Authorities confiscate girl's stepdad's pickup
Thursday, August 4, 2011
STEWARTSTOWN, N.H. (AP) — Law enforcement officials looking into the death of an 11-year-old New Hampshire girl whose body was pulled from a river this week entered her home with a warrant Wednesday and impounded her stepfather’s pickup truck, as her mother began making arrangements for a private memorial service.
New Hampshire State Police loaded the late-model silver pickup truck onto a flatbed, and gloved crime scene technicians examined its undercarriage before it was hauled away.
Investigators also re-entered the home as they sought evidence that could assist in the criminal investigation in the death of Celina Cass, who was last seen at a computer at her home the night of July 25 and was reported missing the next morning, Senior Assistant Attorney General Jane Young said.
The fifth-grader was missing for a week before her body was found Monday in the Connecticut River, which divides New Hampshire and Vermont. An autopsy didn’t immediately provide the cause or manner of her death. Investigators labeled her death suspicious and said the case was being treated as a criminal investigation.
With their home cordoned off by police tape, the family is staying with friends and relatives, but friends won’t disclose the family’s location.
Close family friend Jeanine Brady, the employer of Celina’s mother, Louisa Noyes, said the girl’s body has been turned over to the family and a service is being planned. Brady declined to say where or when the service would be held. She said it will be private.

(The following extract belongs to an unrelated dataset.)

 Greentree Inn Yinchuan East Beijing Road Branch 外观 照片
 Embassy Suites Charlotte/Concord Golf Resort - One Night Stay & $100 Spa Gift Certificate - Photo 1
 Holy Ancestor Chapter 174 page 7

Brady said Noyes has been surrounded by her family since Celina’s disappearance.
“She needed the utmost privacy,” Brady said.
The pickup was the second vehicle hauled away from the home in Stewartstown, a community of 800 residents. Police last week impounded a red pickup truck that neighbors say was driven by Kevin Mullaney, who had moved in with the family.
Mullaney and Celina’s stepfather, Wendell Noyes, have previously run afoul of the law. Mullaney was charged in a string of car thefts in 2007, and Noyes was arrested in 2003 for breaking into an ex-girlfriend’s home and threatening to throw her down a flight of stairs, according to court documents.
Wendell Noyes was involuntarily committed to a psychiatric hospital after the 2003 incident, and an order signed by a probate judge indicated he suffered from paranoid schizophrenia.
Mullaney pleaded guilty to stealing five cars and trucks in 2007 and was sentenced to 11⁄2 to 3 years in prison and a consecutive term of four months in jail.
Brady declined to say whether Wendell Noyes was staying with Louisa’s family. Noyes initially spoke to reporters about Celina’s disappearance but later stopped speaking out. A man who answered the phone at the home of Wendell Noyes’ sister on Tuesday said no one at the house would talk to a reporter.
A message left with one of Mullaney’s family members wasn’t returned.
Friends close to Louisa Noyes say Mullaney, 23, is the son of a former boyfriend and moved into the Noyes’ home about a year ago, joining Wendell and Louisa Noyes and her children, Celina and her older sister, Kayla.
Brady, the family friend, described Louisa Noyes as a devoted mother who is devastated by her daughter’s death.
“Both her girls are everything to her,” Brady said. “She’s always put their needs before hers. But they were everything to each other.”
At the peak of the search for Celina, more than 100 federal, state and local law enforcement officers were involved. Divers found Celina’s body near a hydroelectric dam that spans the river between Stewartstown and Canaan, Vt.